KABUL, Afghanistan — President Barack Obama made a surprise visit to Afghanistan on Tuesday, the eve of the one-year anniversary of the assassination of Osama bin Laden.

The goal of the trip is to meet with Afghan President Hamid Karzai and sign off on a long-term agreement that would extend America’s military presence in the country into the next decade. ABC reported that Obama will deliver a live, televised address from Bagram Air Base at 7:30 p.m. EDT. The speech is expected to last for about 10 minutes, a White House pool report notes.

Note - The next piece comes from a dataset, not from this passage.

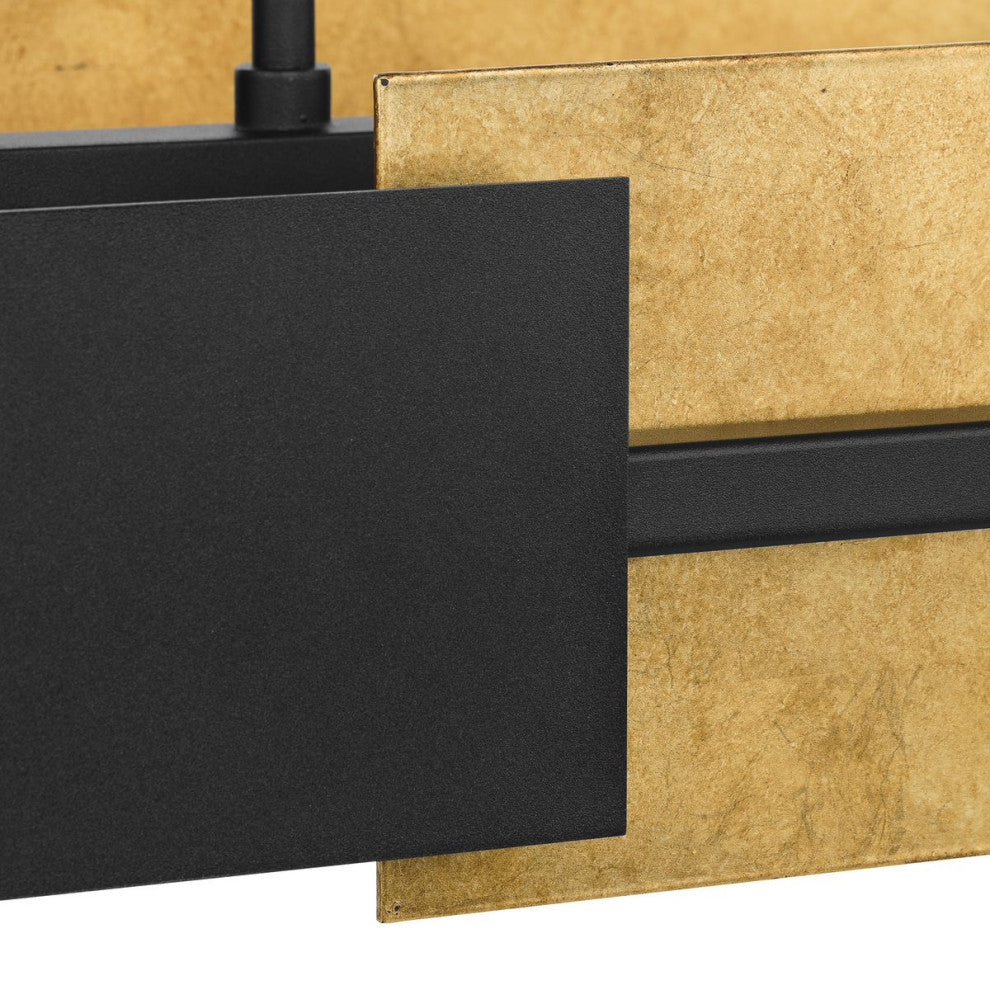 Lowery 4-Light Textured Black Linear Chandelier With Distressed Gold Leaf Accent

Obama’s itinerary was cloaked in secrecy through the day Tuesday, as White House officials sought to keep news of the trip under wraps out of concern for his safety. Even after hints of the president’s arrival broke on Twitter and local Afghan news outlets, White House and U.S. embassy officials repeatedly denied that the president was “in Kabul,” and reportedly even asked some outlets to remove mention of it from their Twitter feeds.

Kabul has been generally safe recently, but the Taliban has occasionally staged dramatic attacks on international forces and diplomatic installations, including a major assault on the American embassy last year, and a 20-hour siege of the Parliament and other government offices just last month.

Obama left at Washington, D.C. at 12:09 a.m. Tuesday morning, according to the pool report. He was greeted by Ambassador Ryan Crocker and Lt. General Mike Scaparrotti, Deputy Commander of U.S. Forces in Afghanistan.

Obama is expected to sign off on a ten-year strategic partnership agreement while in Afghanistan that has been the subject of protracted negotiations over the past several months. U.S. officials in Kabul say the agreement, the details of which have not yet been released, includes broad terms for American troops to stay in Afghanistan for 10 years after the end of 2014, the deadline for combat operations to end.

Final specifics of the pact, including how much money the U.S. would contribute to Afghanistan’s coffers or how many troops would remain in the country, are expected to be negotiated in future memorandums of understanding in the coming year. Analysts have estimated the number of U.S. troops serving as trainers and advisers in the long term could be as high as 20,000.

The formal signing of the strategic agreement is seen as something of a perfunctory event — it was understood that it would be finalized before a major international conference of donors to Afghanistan, which is scheduled for late May in Chicago. But until the initialing of the agreement last week, it was not clear that even a preliminary deal could be reached, as the relationship between Karzai and the Obama administration has grown increasingly frosty over the years.

In that sense, Obama’s decision to appear in person in Kabul, and with Karzai, could be seen as marking a significant development in the relationship between the two leaders.

The president’s arrival on the one-year anniversary of U.S. special forces killing bin Laden in neighboring Pakistan also marks an important symbolic gesture, one that could resonate as the presidential campaign season ramps up back home.